(Captioned web image data)

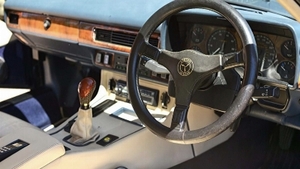 Cream Leather - Blue PipingInterior image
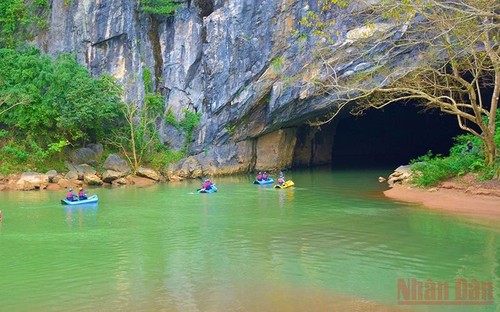 Quang Binh, destino ideal para amantes de las cuevas - ảnh 1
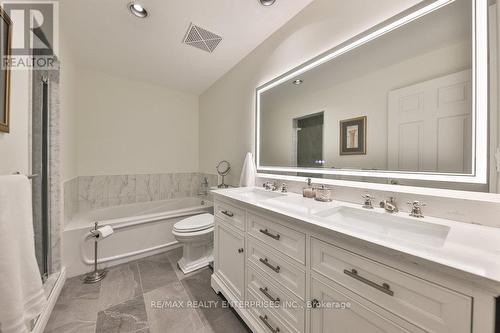 801 - 1477 Lakeshore Road, Burlington (Brant), ON - Indoor Photo Showing Bathroom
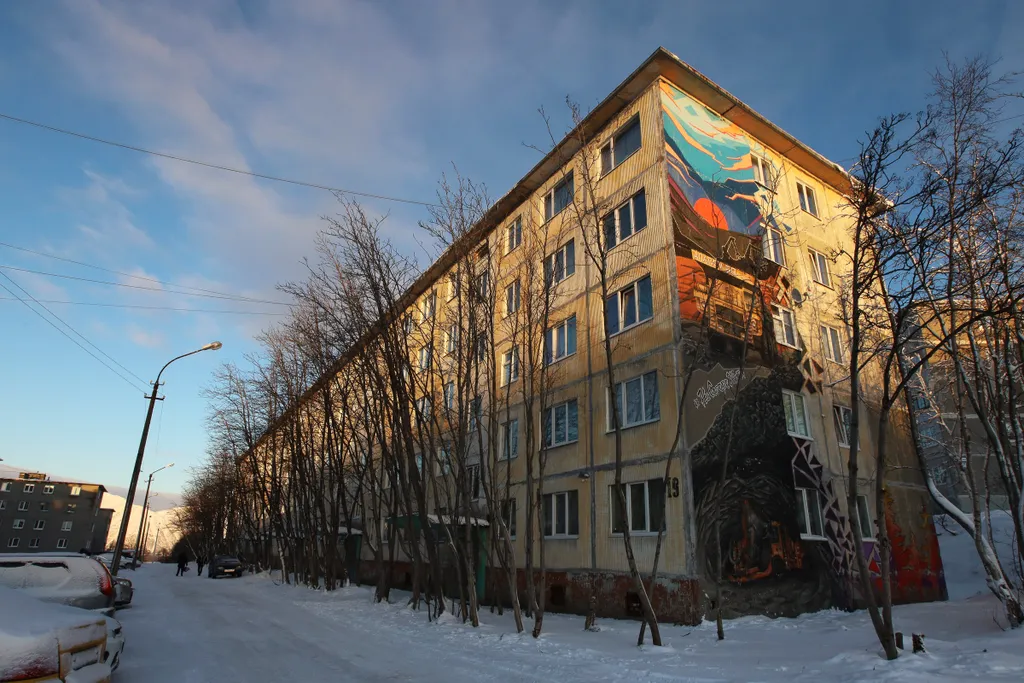 4-комнатная Квартира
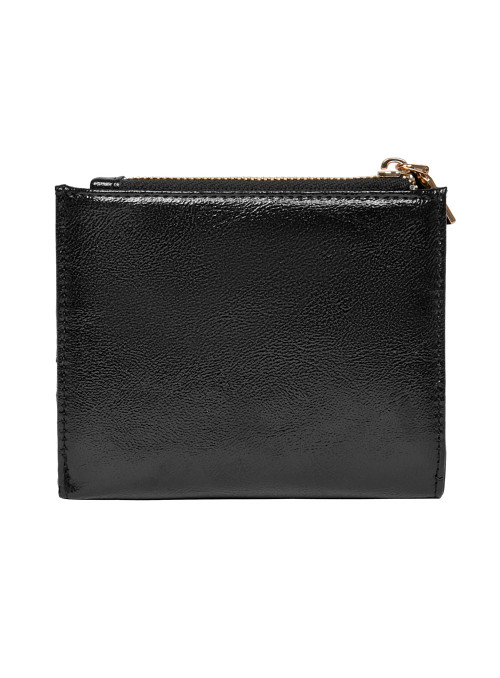 Billetera Pollini con acabado acharolado, perfecta para uso diario en actividades modernas.
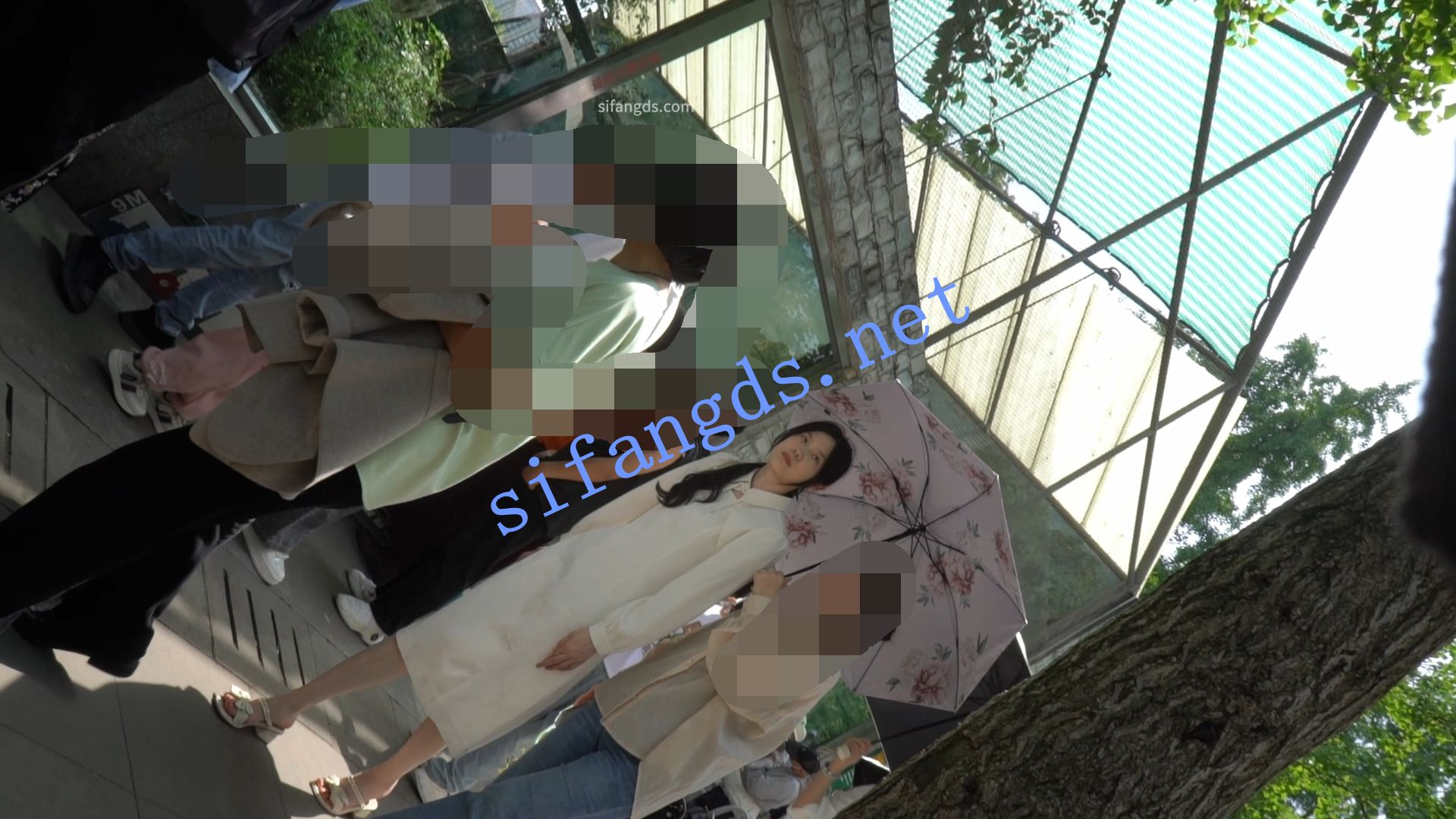 （空城原创）旗袍长裙美女逛公园，淡绿N包裹肉臀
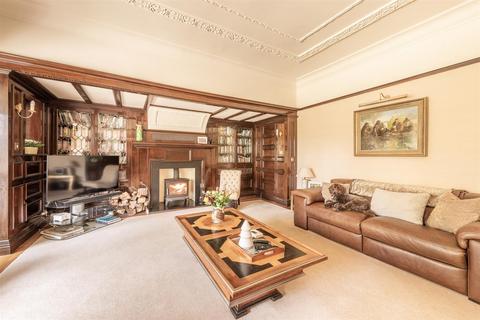 18 Hartopp Road, Sutton Coldfield, B74 2RE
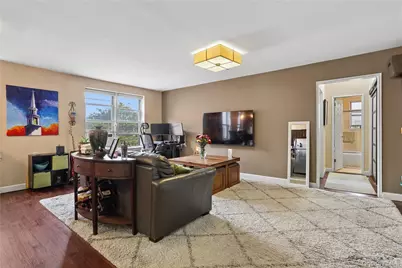 65-45 Yellowstone Boulevard #6G, Forest Hills, NY 11375 - Photo 3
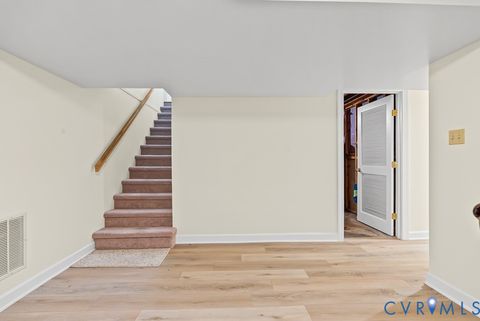 Tiny photo for 701 Fourth Avenue, Farmville, VA 23901 (MLS # 2617911)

# [Required action]
The lines to copy run from the line containing "65-45 Yellowstone Boulevard" through the end of the data above; copy exactly those, minus the pictures.

# [Written response]
 65-45 Yellowstone Boulevard #6G, Forest Hills, NY 11375 - Photo 3
 Tiny photo for 701 Fourth Avenue, Farmville, VA 23901 (MLS # 2617911)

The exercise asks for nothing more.